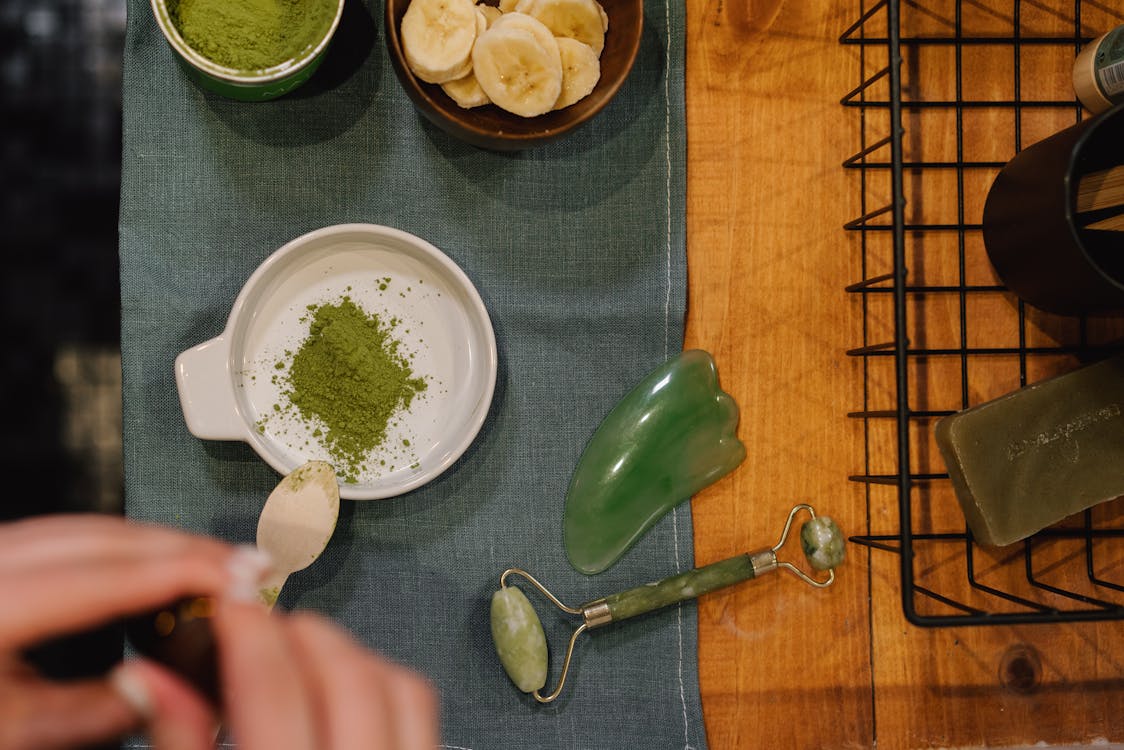 Free Green Powder in Ceramic Bowls Stock Photo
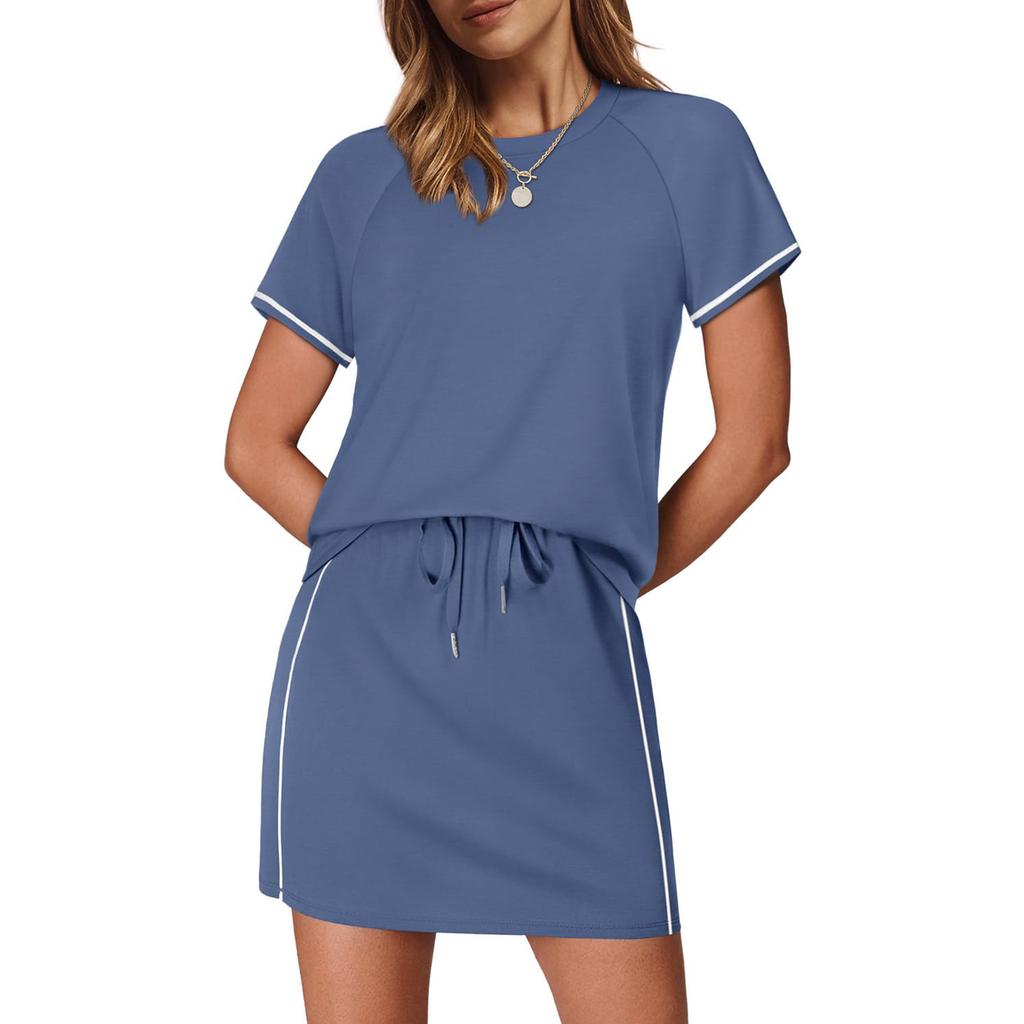 Ensembles 2 Pièces Pour Femmes Ensembles Jupe Tenues d'Été Ensemble Vêtements Femmes Voyage Entraînement Ensembles Jupe-Short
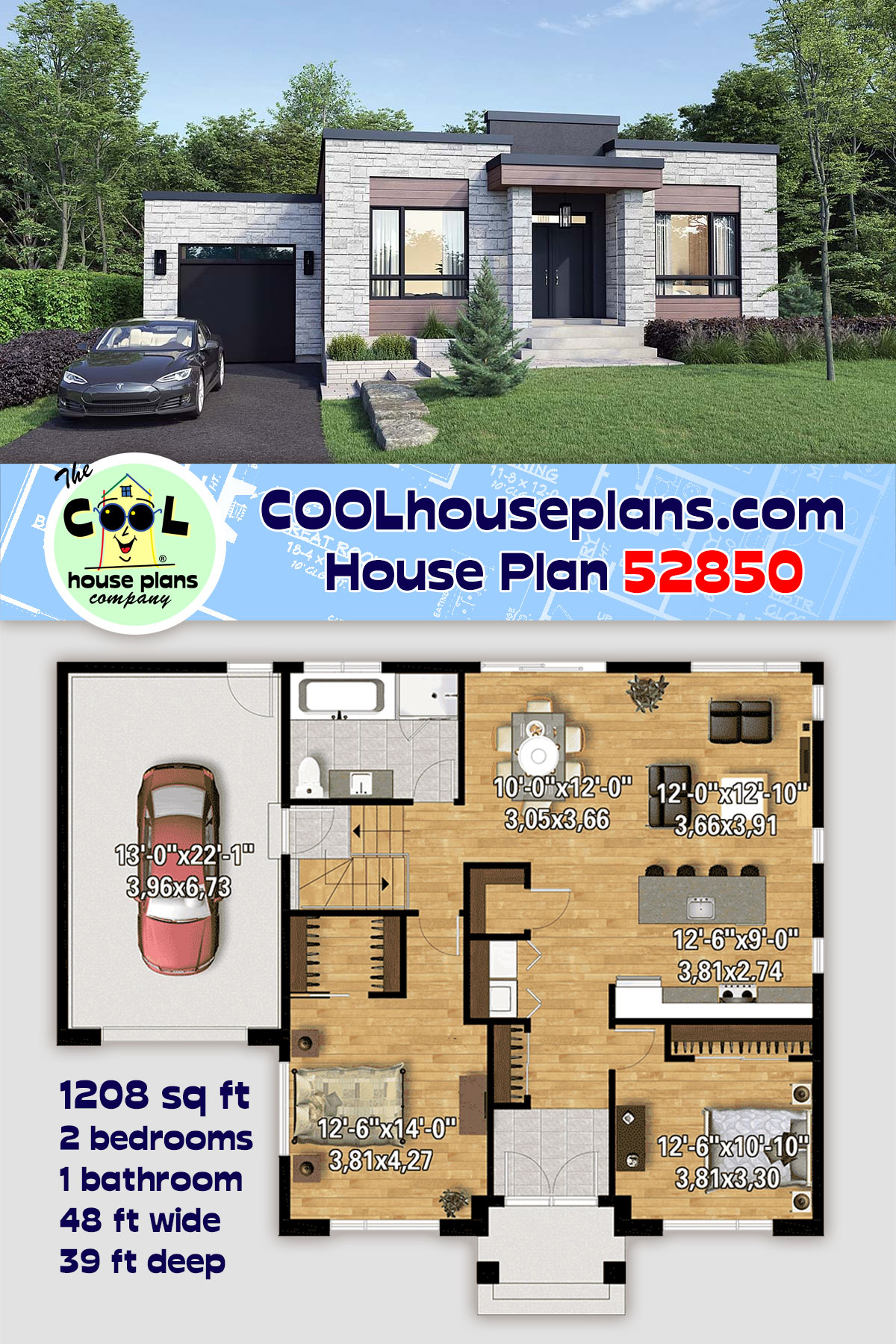 Bungalow, Contemporary House Plan 52850 with 2 Beds, 1 Baths, 1 Car Garage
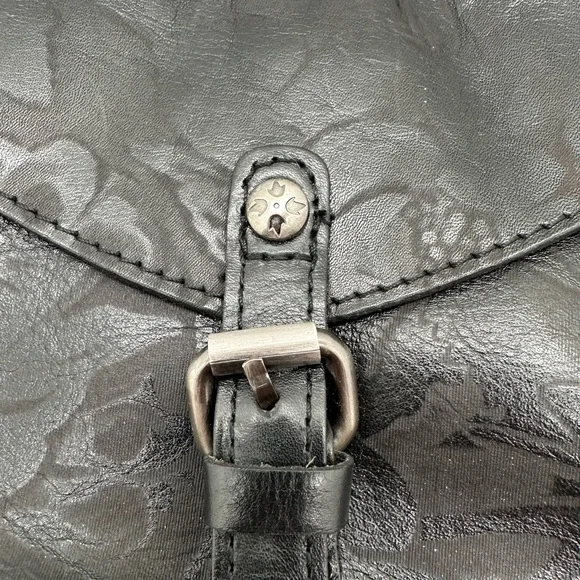 Patricia Nash~Avellino Tooled Black Leather Crossbody Shoulder Handbag P062233 - Picture 3 of 11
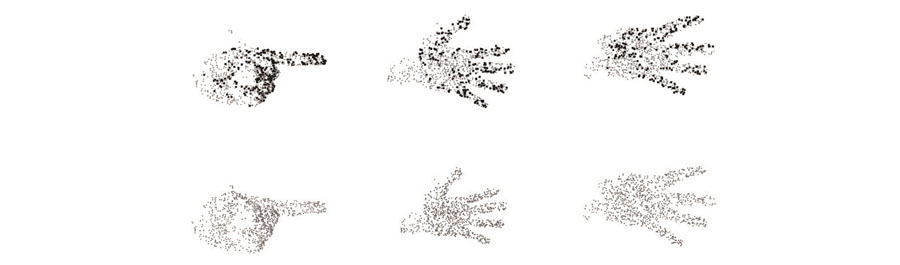 Comparison of three groups of gestures (black dots on top are parts with higher confidence parameters, and original point clouds are shown on bottom)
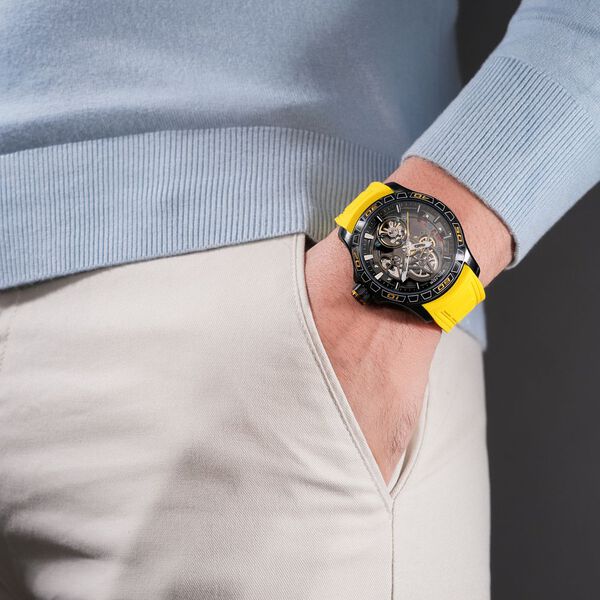 Police Quartz Analog Grey Dial Yellow Silicone Strap Watch For Men - image number 4
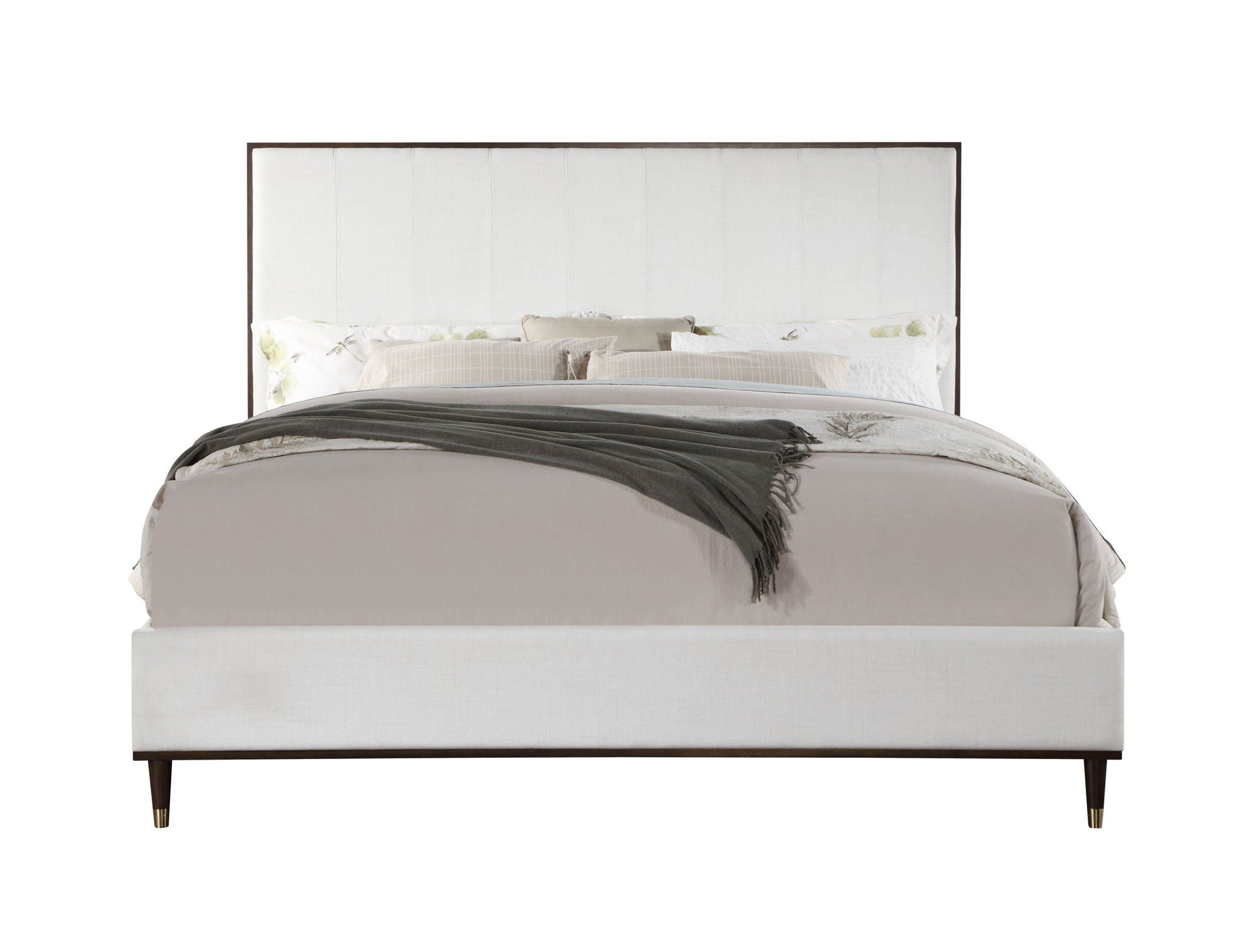 Carena Comfort Bed upholstered ivory headboard with dark wood frame and tapered legs on Tampa Home & Garden Store
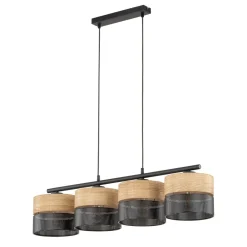 Hängelampen|Esszimmer Lampen*TK Lighting Hängelampe Schwarz Natur E27 4-flammig länglich B: 94 cm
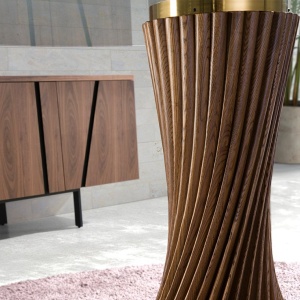 Masa rotunda design modern deosebit Glass and Walnut 130cm - Img 9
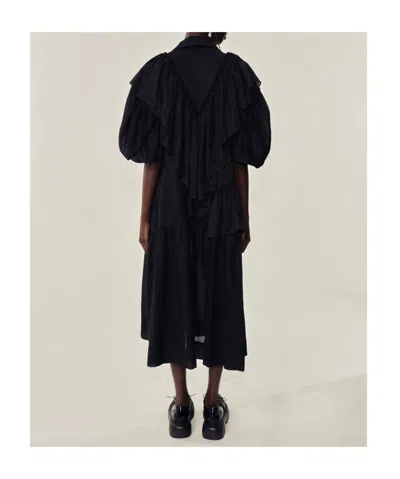 Simone Rocha Petal Sleeve Ruffle Dress In Black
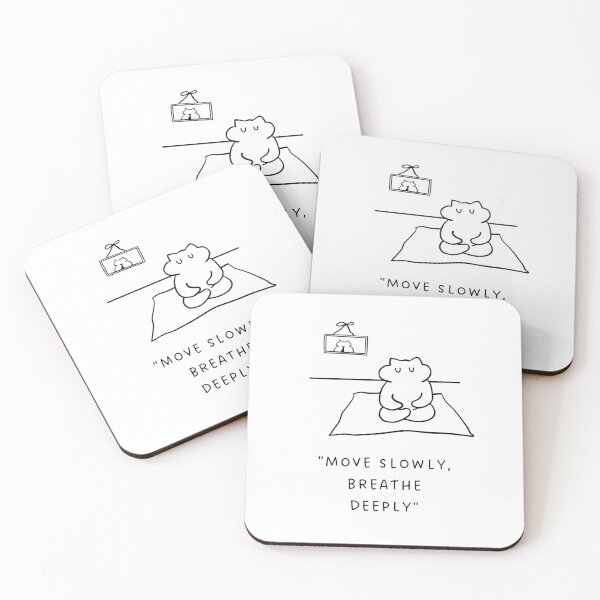 Item preview, "Move Slowly, Breathe Deeply" | Yoga Cat Illustration designed and sold by RM-Journey.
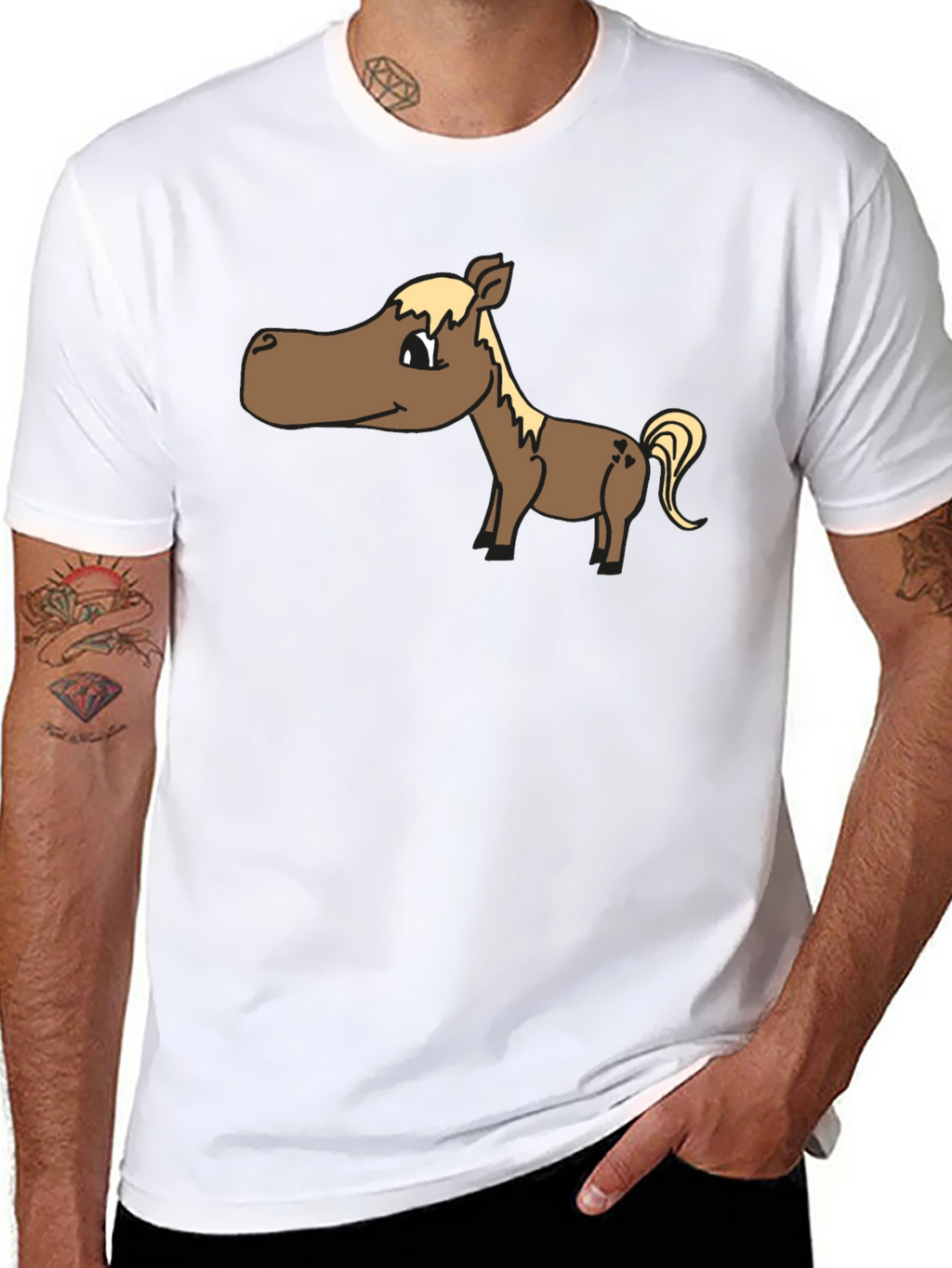 Cartoon Horse T-Shirt - Black Cotton Tee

> _Goal of the exercise_
Print exactly the lines above that run from the one with "Patricia Nash~Avellino Tooled" down to the one with "Carena Comfort Bed", and omit the pictures.

> _Your solution_
 Patricia Nash~Avellino Tooled Black Leather Crossbody Shoulder Handbag P062233 - Picture 3 of 11
 Comparison of three groups of gestures (black dots on top are parts with higher confidence parameters, and original point clouds are shown on bottom)
 Police Quartz Analog Grey Dial Yellow Silicone Strap Watch For Men - image number 4
 Carena Comfort Bed upholstered ivory headboard with dark wood frame and tapered legs on Tampa Home & Garden Store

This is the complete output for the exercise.